Titanic survivor’s tale sold at UK auction
An account of the sinking of the Titanic written by a survivor who was secretary to a controversial aristocrat has sold for £20,000, auctioneers in Britain said on Sunday.
Laura Francatelli wrote of how she heard an “awful rumbling” as the liner went down before hearing “screams and cries” from hundreds of drowning passengers.
She was travelling with her employer, Scottish landowner Sir Cosmo Duff-Gordon and his wife Lady Lucy Christiana when the disaster struck in 1912.
Duff-Gordon and his party boarded one of the last lifeboats, which had space for 40 people but only ended up carrying five passengers and seven crew.
He later paid the crew members around £5 each — the equivalent of about £300 today — and had to defend himself against claims that he had paid them off to secure his own safety.
In one of the most vivid passages of her account — an affidavit for the British inquiry into the disaster — Francatelli detailed what happened after their lifeboat was lowered into the sea.
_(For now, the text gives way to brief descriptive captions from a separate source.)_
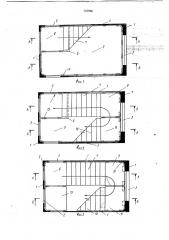Лестичный объемный блок (патент 747966)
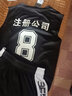萊依蓮 籃球服套裝男定制大學(xué)生籃球隊服運動(dòng)背心衣服寬松透氣印字潮 YW5555黑色 2XL(170-175CM) 曬單實(shí)拍圖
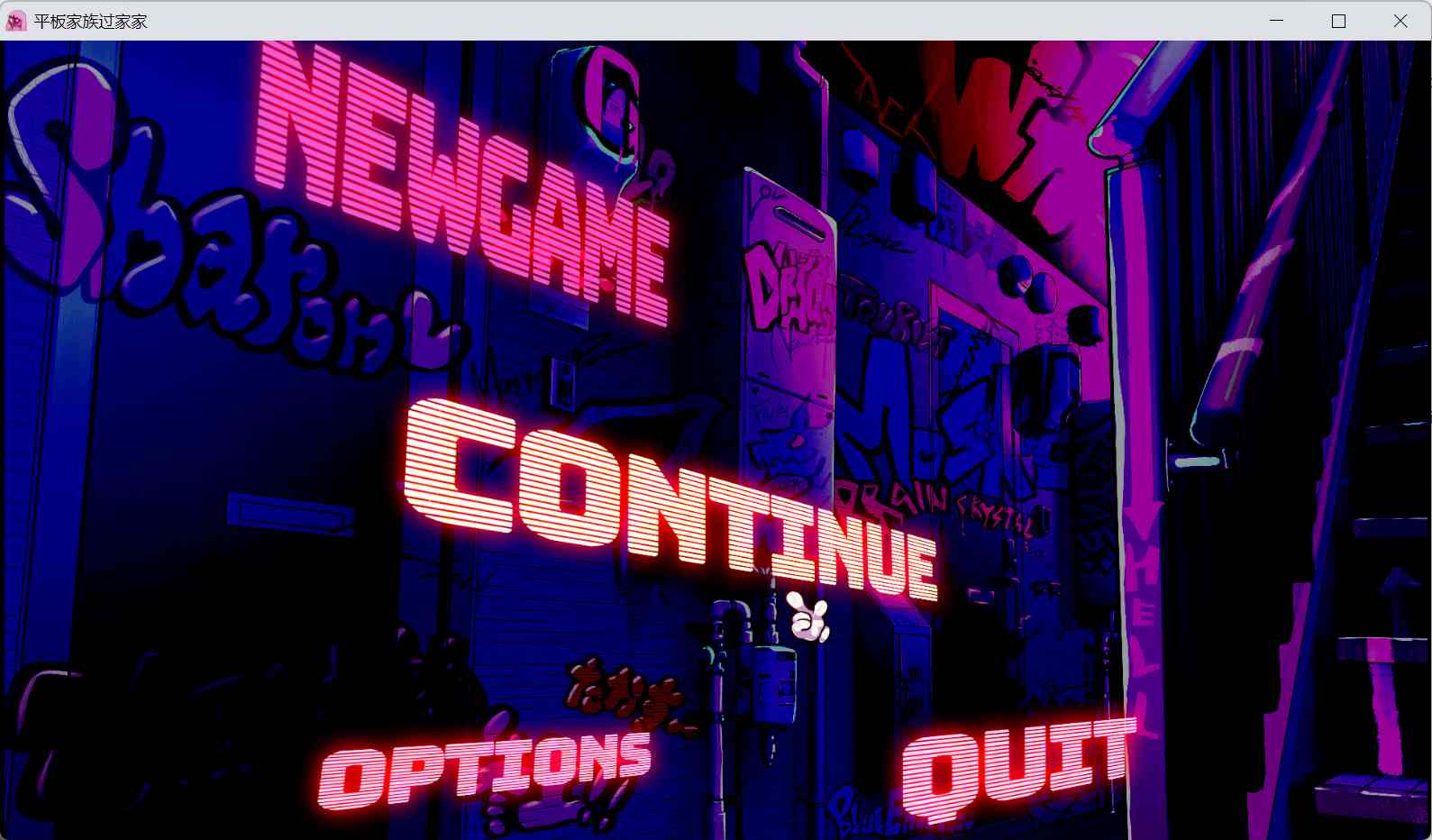 【SLG/安卓/PC/内嵌汉化/萝莉/病娇】[深海工房]平板家族过家家 つるぺた家族ごっこ v1.1-第1张图片-萌站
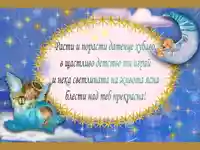 Ангелска рожбичка!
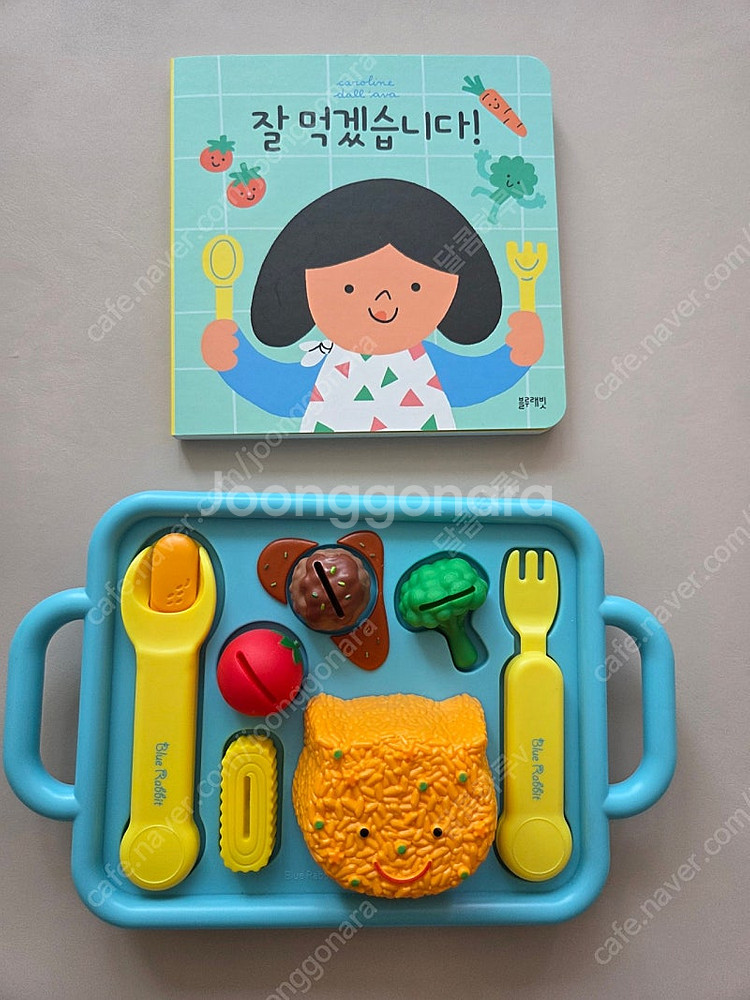 블루래빗 잘먹겠습니다 고래야놀자 팔아요--1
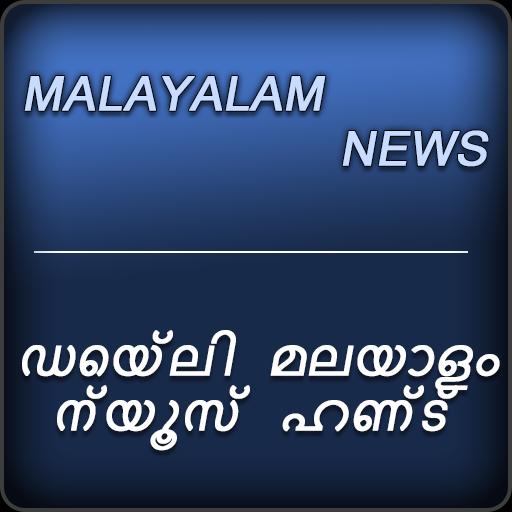 Daily Malayalam News Hunt APK pour Android Télécharger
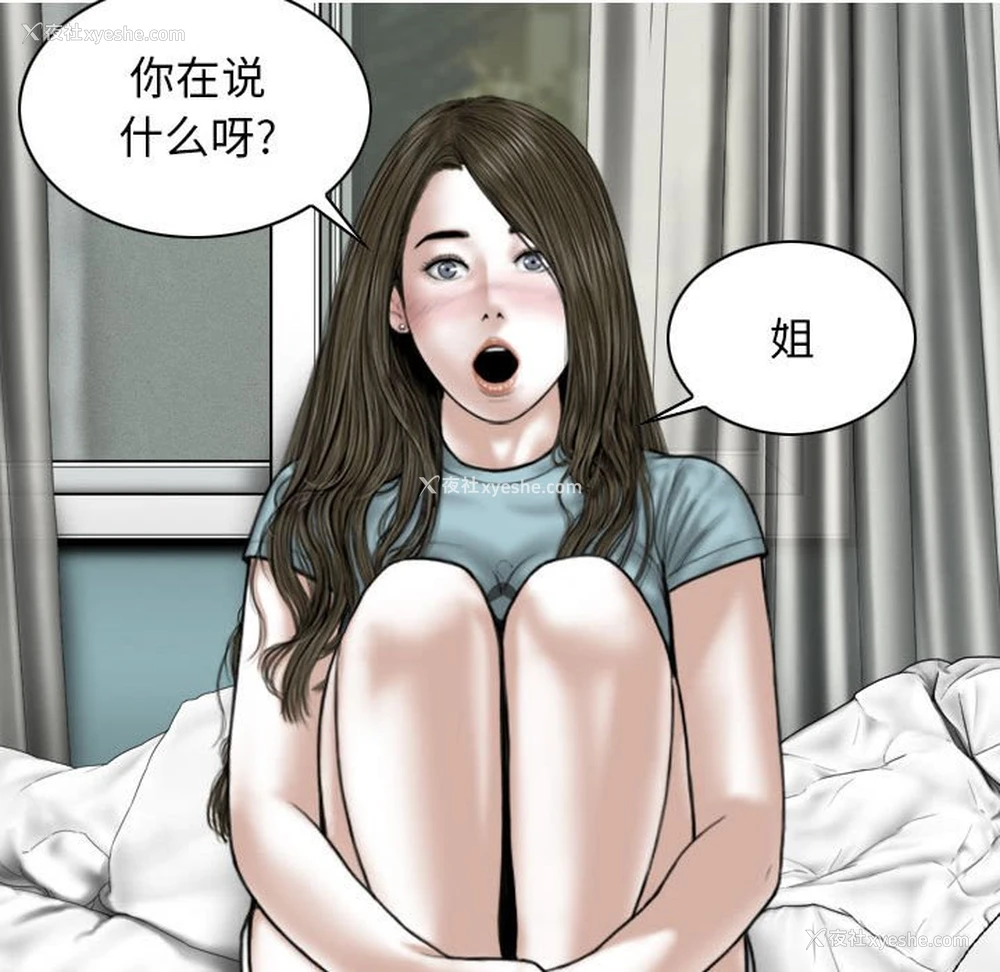 7P - 女性友人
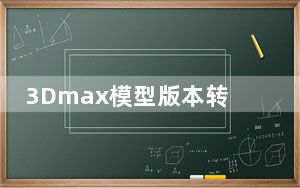 3Dmax模型版本转换器 V0.4.3 免费版_3Dmax模型版本转换器 V0.4.3 免费版免费下载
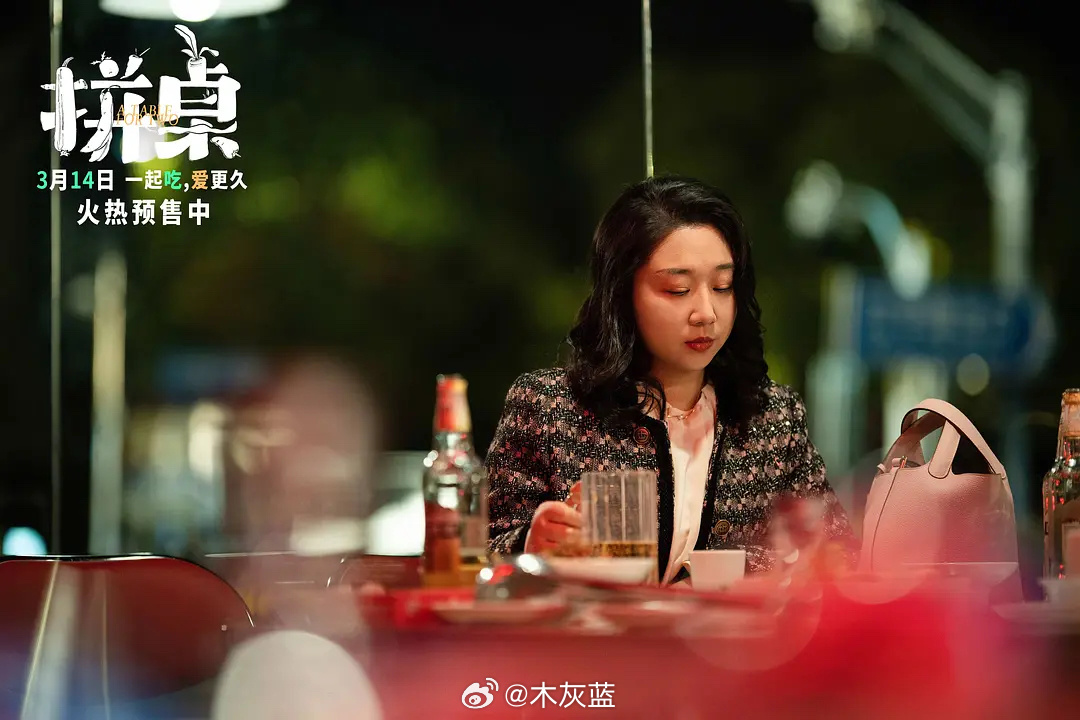 「拼桌」张律监制，是有张律作品的那个味道，边吃边聊、边走边爱，风格淡雅的城市电影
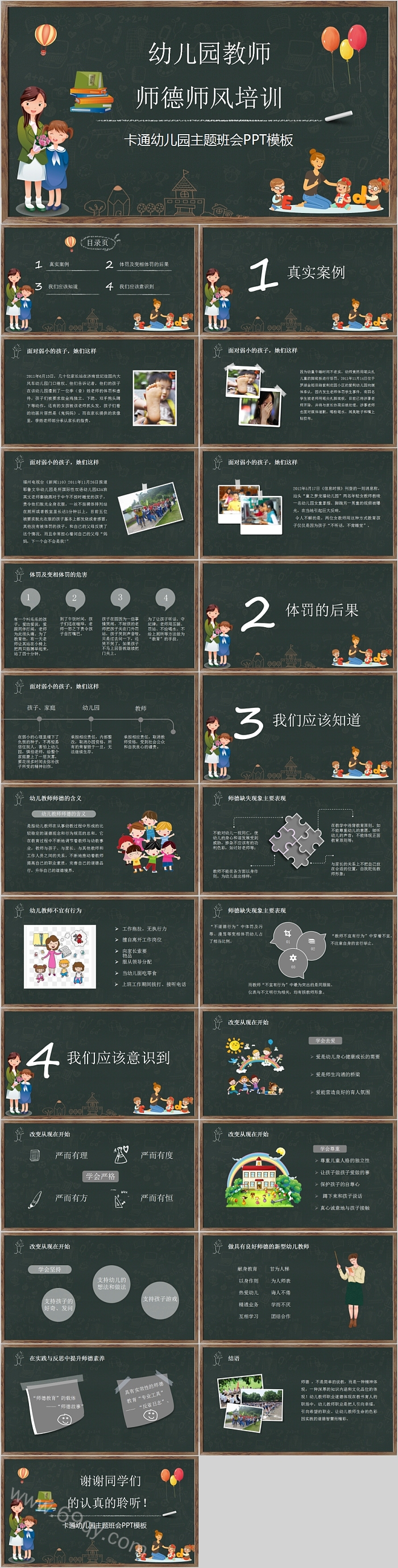 卡通幼儿园主题班会幼儿园教师师德师风培训PPT模板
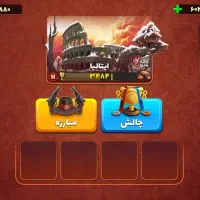 اکانت زیر قیمت بازار پسر خوانده
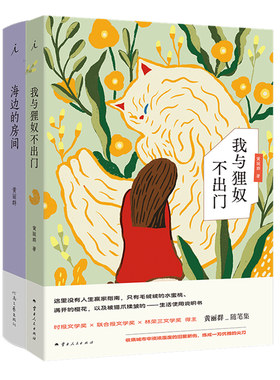 现货正版 我与狸奴不出门+海边的房间 黄丽群 随笔集短篇小说集 女性文学文艺自洽 淡废哲学 十二个坏掉的人现当代文学作品 理想国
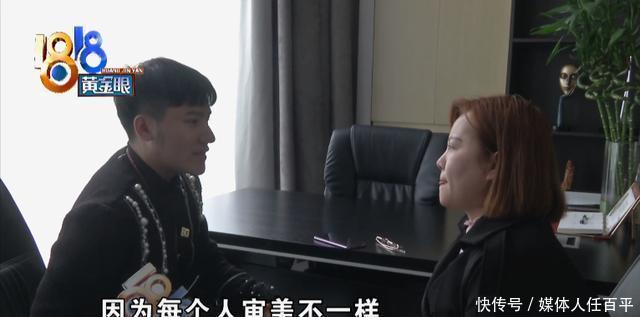 “童颜”做了两个项目,眼角过大额头坑洼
“We kept on rowing and stopping and rowing again I heard some talk going on all about the suction if the ship went down,” she wrote. “We were a long way off when we saw the Titanic go right up at the back and plunge down. There was an awful rumbling when she went. Then came the screams and cries. I do not know how long they lasted. We had hardly any talk. The men spoke about God and prayers and wives. We were all in the darkness.”